In Bad Reichenhall wird Salz bereits seit 4.000 Jahren gewonnen. Kelten, Römer, Germanen, Bajuwaren – sie alle waren förmlich süchtig nach dem „weißen Gold“. Der Besitz von Solequellen und Salinen bedeutete Reichtum und Macht. Schließlich benötigten alle Menschen Salz, das die Erde jedoch nur an wenigen Stellen freigab. Das „Hall“ im Ortsnamen deutet darauf hin, dass es in Bad Reichenhall Salzvorkommen gibt. Ebenso wie beispielsweise in den österreichischen Gemeinden Hallstadt und Hallein oder in den württembergischen Städten Schwäbisch Hall und Bad Friedrichshall.

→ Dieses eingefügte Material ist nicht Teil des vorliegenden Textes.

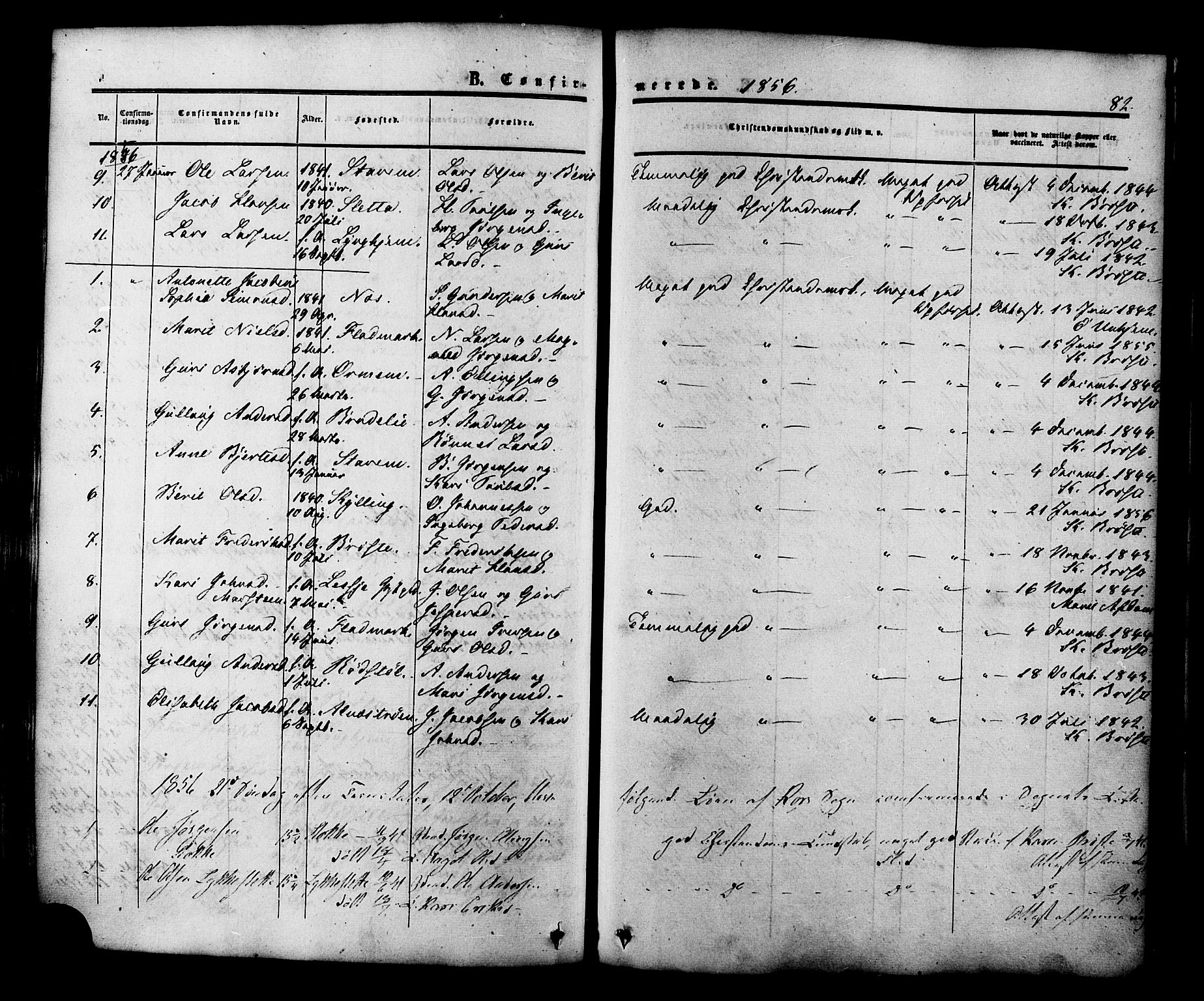 Ministerialprotokoller, klokkerbøker og fødselsregistre - Møre og Romsdal, AV/SAT-A-1454/546/L0594: Parish register (official) no. 546A02, 1854-1882, p. 82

Nomen est Omen in Bad Reichenhall. – Foto: Alte Saline Bad Reichenhall/Südwestdeutsche Salzwerke AG

Vermutlich geht der Begriff „Hall“ auf die Kelten zurück, die damit Plätze bezeichneten, an denen Salz gewonnen wurde. Bad Reichenhall bedeutet demzufolge „reich an Salz.“ Dass die Region im bayerisch-österreichischen Grenzgebiet buchstäblich reichlich damit gesegnet ist, zeigen auch Namen wie Salzburg, Salzkammergut oder das Flüsschen Salzach. Auf ihm wurde bis ins 19. Jahrhundert hinein das Salz ver-schifft.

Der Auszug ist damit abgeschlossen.